A larger budget provides more flexibility, and you can make a few more adjustments to the layout. You may want to allow for a freestanding soaker tub by reducing the size of the shower stall. You may want to reconfigure the space to accommodate a double vanity and additional storage. Maybe you’ll put in a slightly smaller bathtub to make way for a slightly larger shower. You could slide a sink down and move the plumbing slightly to add a tall linen cabinet. Toilet placement has one of the largest impacts on costs, as the toilet waste pipe is larger and more challenging to relocate than water lines.
With this budget, you will also be able to buy semi-custom cabinetry with different finish options and decorative details. You will likely be able to splurge on one or two items at this budget as well.

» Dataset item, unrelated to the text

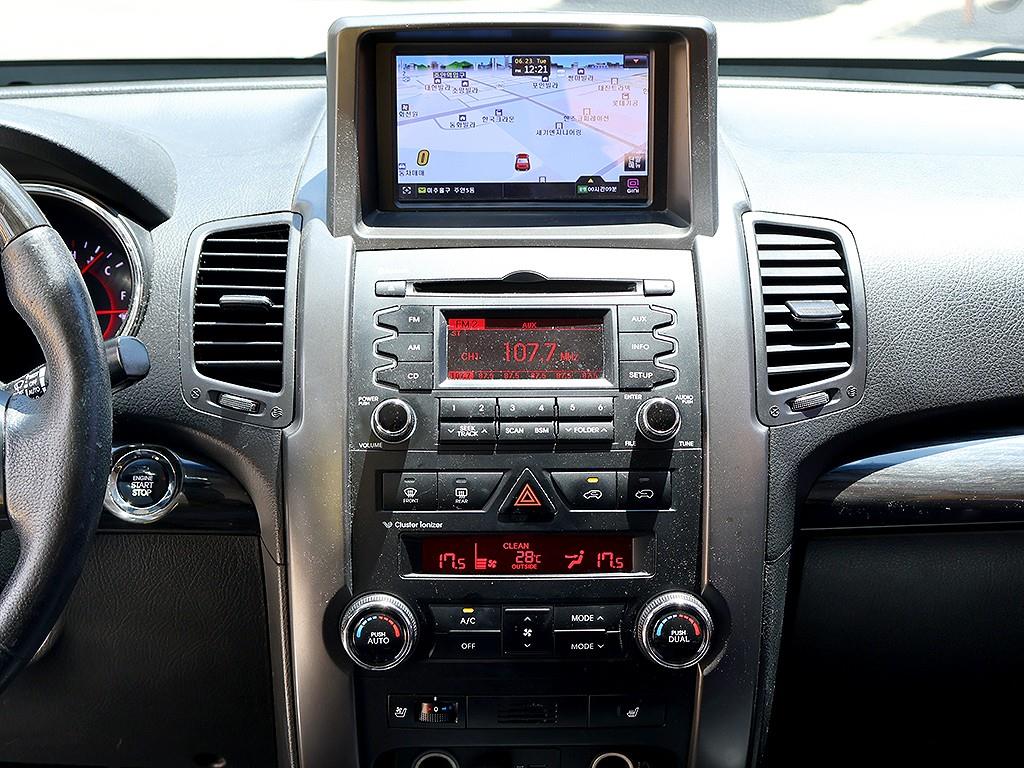 KIA Sorento - Vista 9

Best Option ($50,000-$100,000+)
Higher-end budgets provide a blank canvas. You can install thermostatic shower valves that enable you to preset water temperature and achieve that temperature in a matter of seconds. You can install a linear drain that not only eliminates the need for a threshold but can also eliminate the need for a shower enclosure. It’s a great option if you plan to age in place in your existing home. You may opt for a steam unit that includes music, color, and aromatherapies. You could select a sculptural freestanding tub or a system bath, or you may enjoy multiple showerheads and body sprays.
You can tile the entire bath or opt for stone floor and wall coverings. Countertop options at this budget include marble and engineered stone. Cabinets will likely be made from solid wood with custom finishes. Don’t overlook heated floors and multiple finish options for fixtures.
A higher-end bathroom will increase the value of your home, but, more importantly, it will create tremendous value because you will derive great joy and satisfaction every time you use your new bath.